We assumed that when leader-member exchange, as an important element of exchange relationships in the workplace, is perceived as high, such perception may attenuate the negative consequences of an experience of the organization as not fulfilling its exchange obligations on workplace behavior. In addition, we hypothesized that employees' occupational levels may further affect the negative influences on work behavior because of the different involvement with organizational goals in the first place. Below we incorporate and discuss the concepts of "organizational justice", "organizational climate", "leader-member exchange" and "employee occupational level", which lead us to specific hypotheses examined through two studies.

Perceptions of organizational justice. Perceptions of the degree to which an organization provides its employees with appropriate, fair and respectful treatment, adequate and accurate information, resources and rewards are conceptualized as perceptions of organizational justice (see Ambrose & Schminke, 2009; Bell, Wiechmann, & Ryan, 2006; Chernyak-Hai & Tziner, 2012; Cropanzano, Prehar, & Chen, 2002; Tyler & Bies, 1990).

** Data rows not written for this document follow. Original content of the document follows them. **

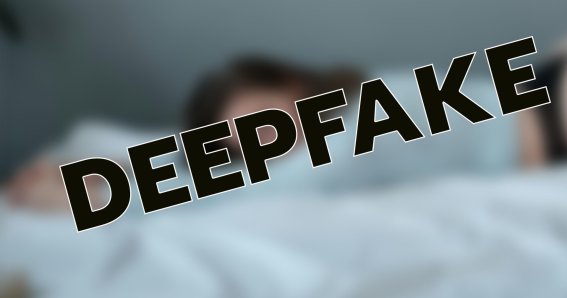 เกาหลีใต้ประสบวิกฤตสื่อลามก Deepfake แพร่ระบาดหนัก ผู้ชุมนุมจี้รัฐบาลรับผิดชอบ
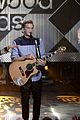 cody-perform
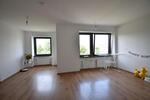 Etagenwohnung Düsseldorf Stadtbezirk 2 - 3 Zimmer, 90 m&sup2;, 1.510&euro; | Angebot:23769123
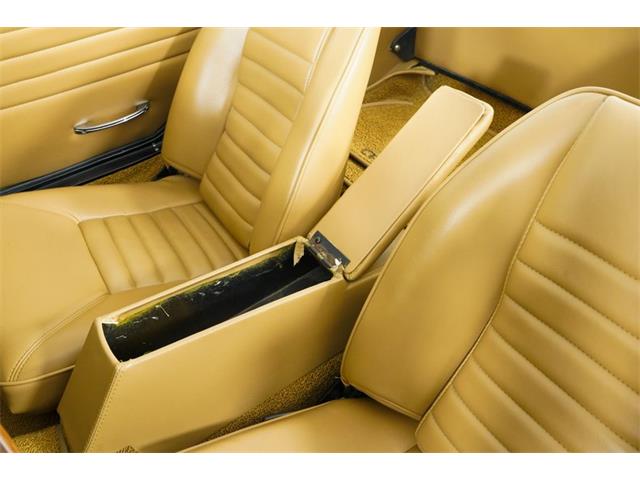 1965 Sunbeam Tiger (CC-2115176) for sale in St. Charles, Missouri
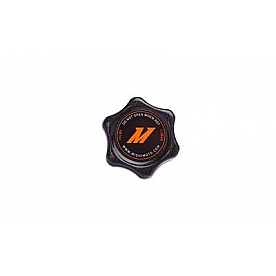Mishimoto Radiator Cap MMRC13SMCF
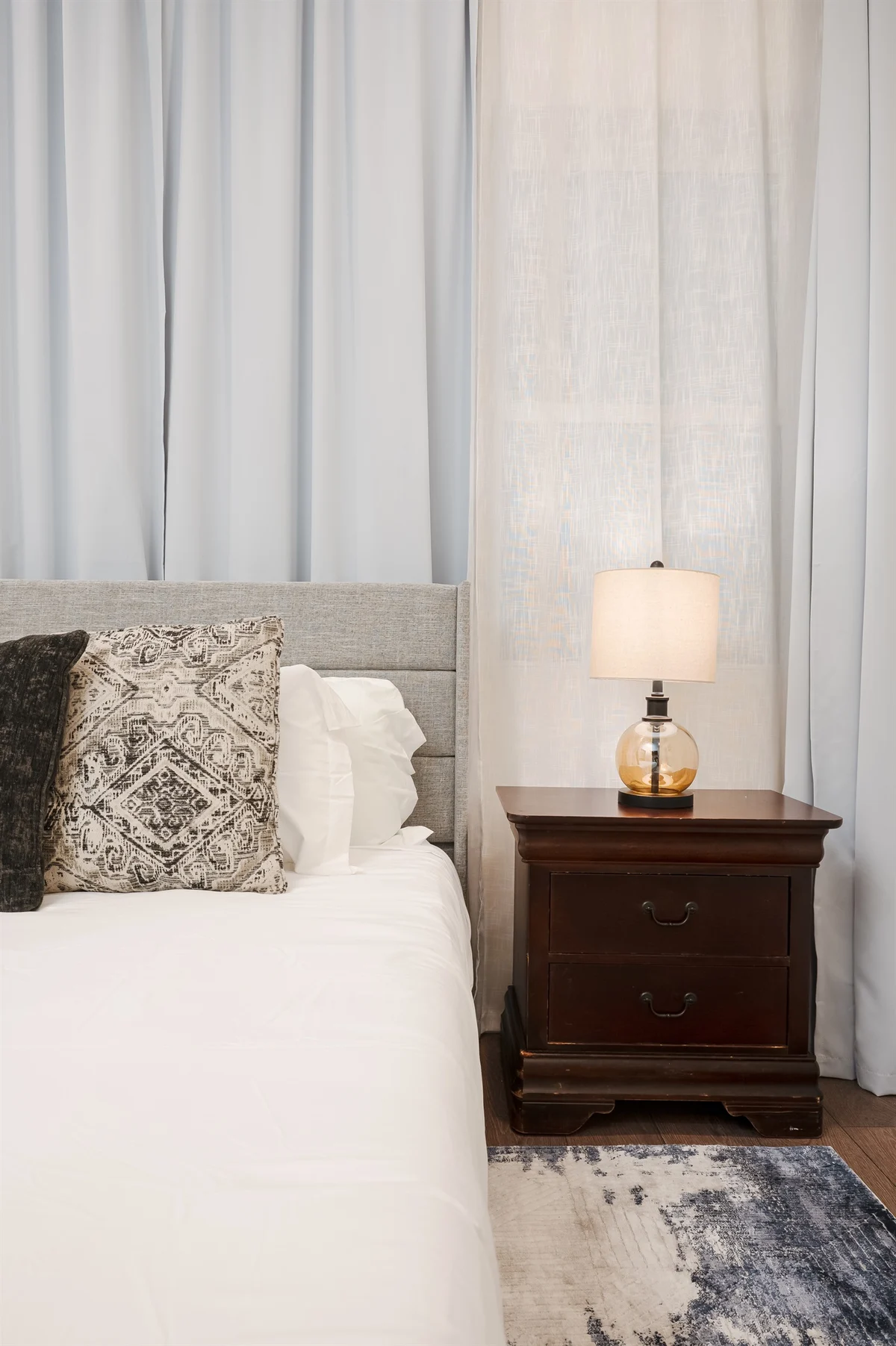 Sleeps 10! Rooftop Luxe • Pet-Friendly • Downtown #37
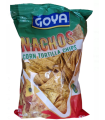 Nachos Goya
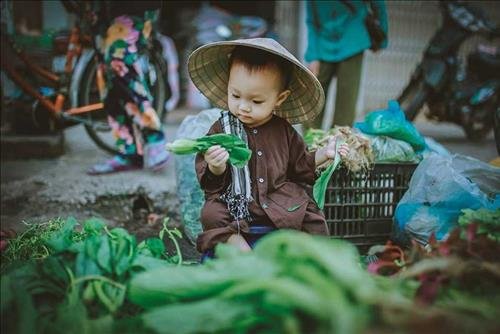 ten-tieng-anh-cho-con-trai-2020-3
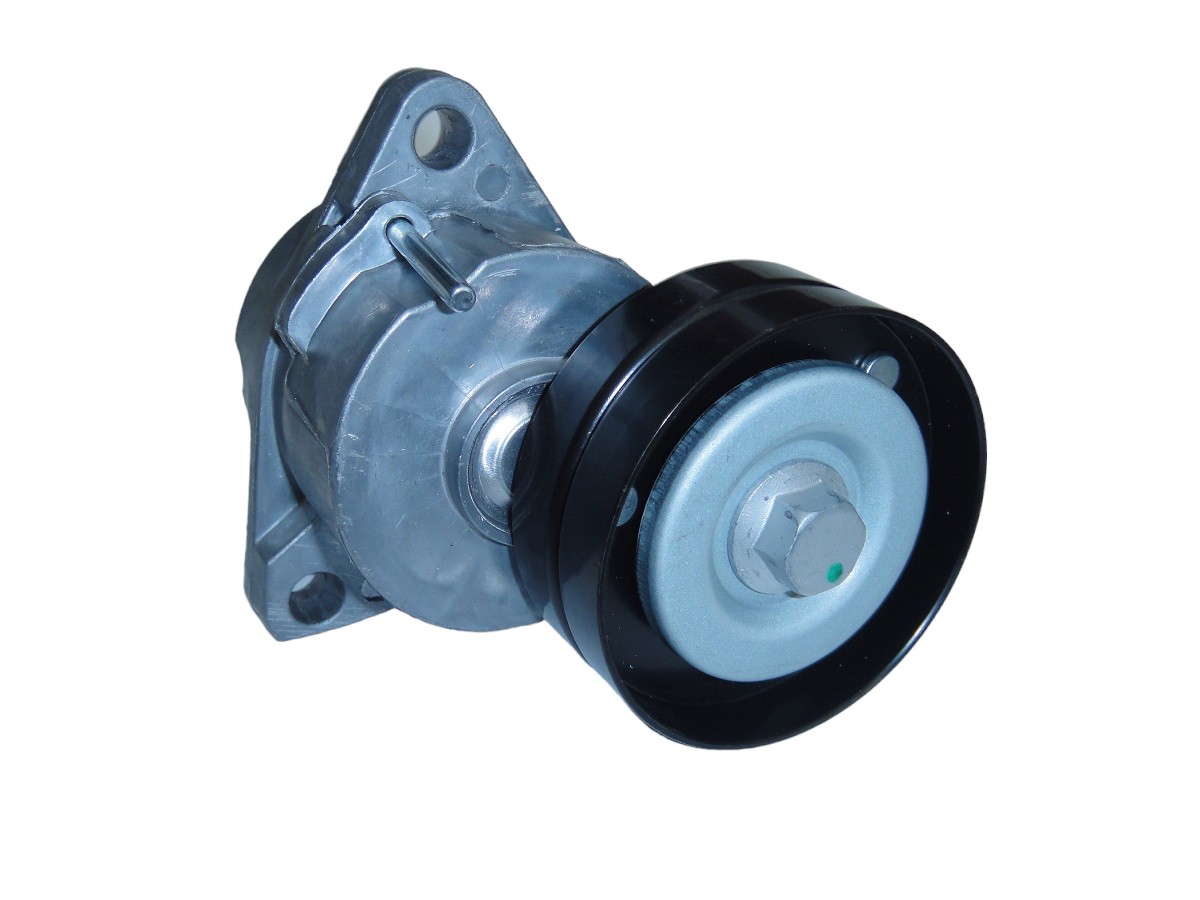 TENSOR CORREA ALT (C/AIRE)*CORSA/ASTRA/VECTRA/ZAFIRA/ETC*CLT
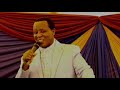 THE PERSON GOD SEEKS - MTU AMBAYE MUNGU ANATAFUTA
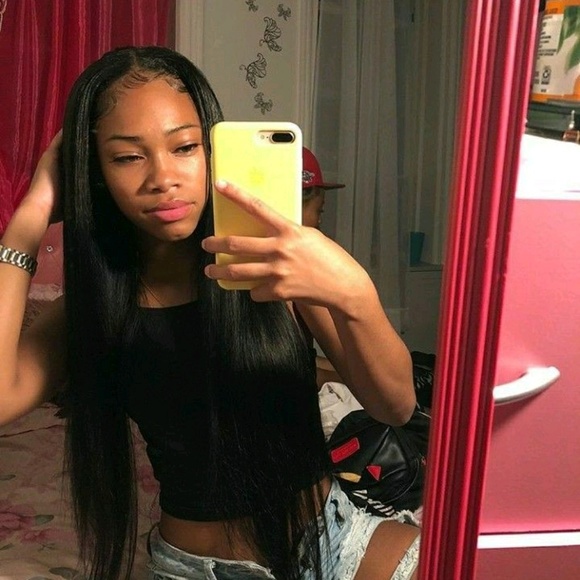 kaykay880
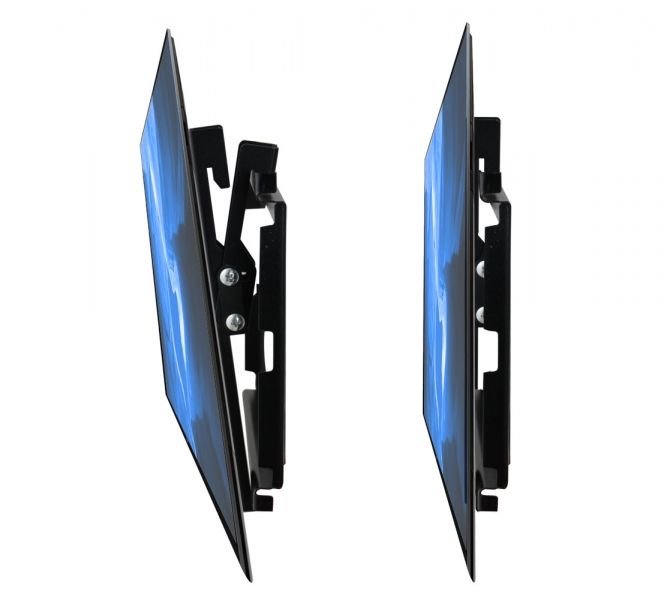 Esperanza Castor Wall Mount 14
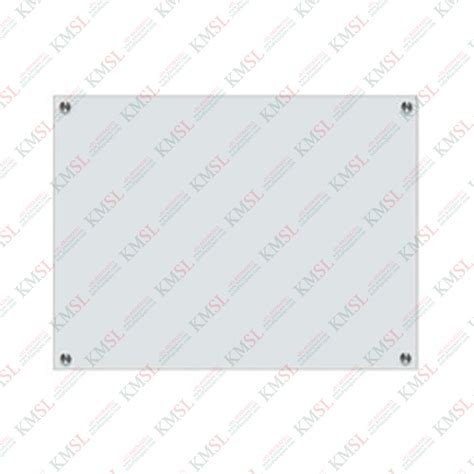 FUJI Glass Board 2MGKYJ003900 / PZ14590 | Original SMT Spare Part ...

Employees establish their perceptions of organizational justice through (1) overall impressions that are a consequence of random organizational occurrences and (2) personal evaluations based on specific "organizational components," such as leaders and co-workers (Hollensbe, Khazanchi, & Masterson, 2008). Perceptions of organizational justice may be broken down into perceptions of distributive justice (fairness in resources and products allocation), procedural justice (fairness of organizational procedures and ways in which decisions are reached vis-à-vis the distribution of resources), and interactional justice (fairness of organizational inter-personal relations and accessibility of equal opportunities) (e.g., Cropanzano et al., 2002; Folger & Corpanzano, 1998; Kernan & Hanges, 2002; Miller & Lee, 2001; Moorman, 1991; Niehoff & Moorman, 1993; Robbins, 1993; Tang & Sarsfield-Baldwin, 1996). Previous research has pointed to positive associations between perceptions of organizational justice and organizational citizenship behavior (employees' actions defined as behaviors that benefit the organization by contributing to its environment and functioning beyond formal job requirements) (Chernyak-Hai & Tziner, 2012; Organ, Podsakoff, & MacKenzie, 2006; Podsakoff, MacKenzie, Paine, & Bachrach, 2000; Rotundo & Sackett, 2002), overall high job motivation and satisfaction (Hubbell & Chory-Assad, 2005; Latham & Pinder, 2005), trust, commitment, and productivity (Karriker & Williams, 2009), and loyalty and readiness to accept organizational consequences (Joy & Witt, 1992).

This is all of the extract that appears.